Indian Railways News

Why ‘Metro Man’ Sreedharan is against PPP Model in Rail Projects

The Centre’s growing emphasis on Public-Private-Partnership (PPP) model in transport infrastructure underscores a cash crunch in the coffers. Along with mounting fiscal deficit, governments in the states and Centre are also hobbled by a lack of institutional framework that would have made private investments viable and sustainable in the long run. It is in this context that ‘Metro Man’ E Sreedharan’s scathing observations about the Union government’s diktat on seeking private participation in urban mass transit projects assume importance.

E Sreedharan, famously known as the Metro Man, has always been a vocal critic of PPP (public-private-partnership). Therefore, his reluctance in executing urban rail projects on PPP mode is not new and if facts are to be believed the 85-year-old’s fear is not misplaced either.

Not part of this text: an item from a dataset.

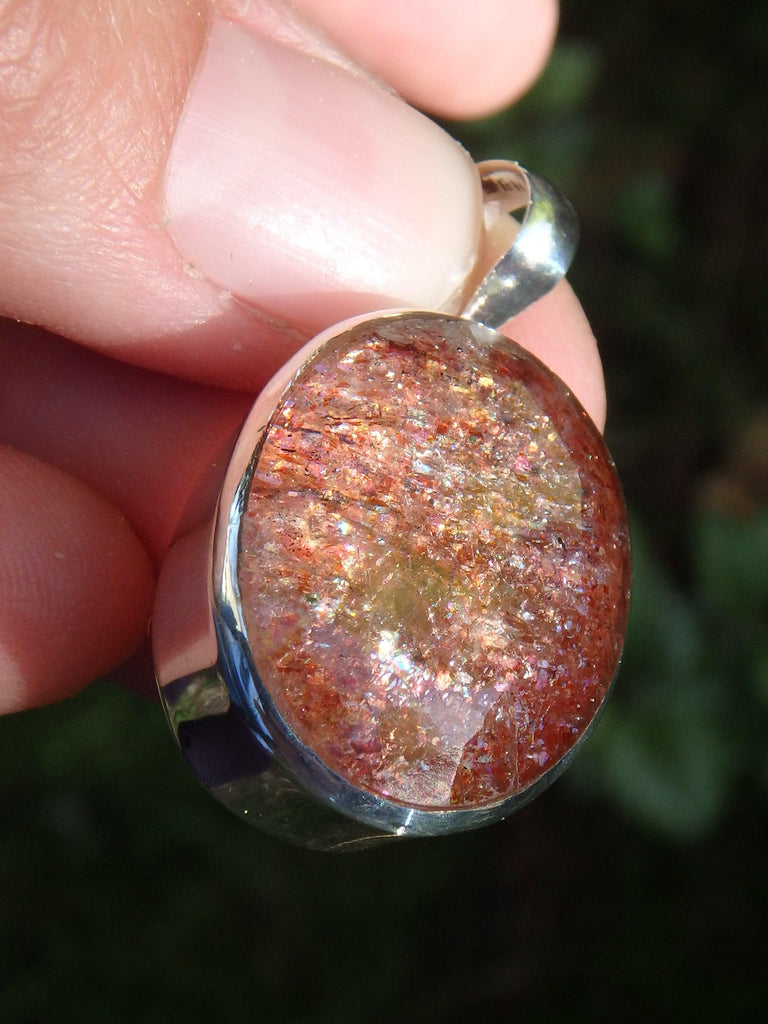 Gem Grade~Pool Of Sparkles Sunstone Pendant In Sterling Silver (Includes Silver Chain) - Earth Family Crystals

It all might seem a good idea to invite private entities to capital-intensive projects, but as Sreedharan rightly points out private funding in infra-projects would seek higher returns in shorter time frames, which is virtually impossible in the case of metro since fares must be kept reasonable, if not low. With real-estate prices witnessing a sharp decline, the carrot of land parcels for property development hasn’t also worked. It is clear that the onus of developing mass public transport is on the government if it wants cities to grow as economic hubs — Mumbai’s wheels of commerce are powered by the suburban railways network. Going by past fiascos, depending on private participation is too risky a proposition for developing metro rail. The government must pay heed to his warning that the new policy could sound the death-knell for projects around the country. His words must be taken seriously.

Sreedharan in the past had said the construction of Airport Express Metro would have incurred 20 per cent less expenditure had Delhi Metro built it. In the case of Airport Express, the entire civil structure was done by Delhi Metro Rail Corporation (DMRC), accounting for 60 per cent of the cost. He had said the other 40 per cent could also have been done by DMRC with the help of a loan from Japan.

The project got delayed on several accounts and was finally salvaged by Sreedharan and launched in February 2011. In the airport line, DMRC invested 55 per cent of the cost (50 per cent of which was borrowed from Japan). Reliance Infrastructure, which was the only private player to come forward, invested in the rolling stock, electrification, and signaling.

According to latest media reports, the Metro Man has once again questioned the feasibility of PPP projects. PPP in India was tried out in Mumbai, Hyderabad, and the Airport line of Delhi, but the experience has not been good.

In Mumbai Metro Line 1, Reliance Infrastructure took almost seven years to complete 11 km of the relatively easier elevated line and they now claim to be losing Rs 50 lakh per day in revenue everyday despite the very high fares they are charging. In Chennai, the state and central governments invested all the money with borrowing from Japan.

The Union Cabinet on Wednesday cleared a new metro policy under which the future metro projects will now be tendered after evaluating their social and economic impact in addition to considering financial returns.

Taking note of the substantial social, economic and environmental gains from Metro projects, the policy stipulated a shift from the present ‘Financial Internal Rate of Return of 8%’ to ‘Economic Internal Rate of Return of 14%’ for approving Metro projects, in line with global practices.

The policy opens a big window for private investments, making the PPP component mandatory. “Private participation either for complete provisioning of Metro rail or for some unbundled components (like automatic fare collection, operation and maintenance of services, etc) will form an essential requirement for all Metro rail projects seeking Central financial assistance,” the new policy said.

The new policy provides for a rigorous assessment of new proposals and also proposes an independent third-party assessment by government-identified agencies.

Sreedharan has even said that no private company will come forward for construction of Metro rail as it is not a profitable investment. This could also be true since the metro projects are left to be taken up in tier II cities where the traffic volumes may not be as high as in Delhi and Mumbai.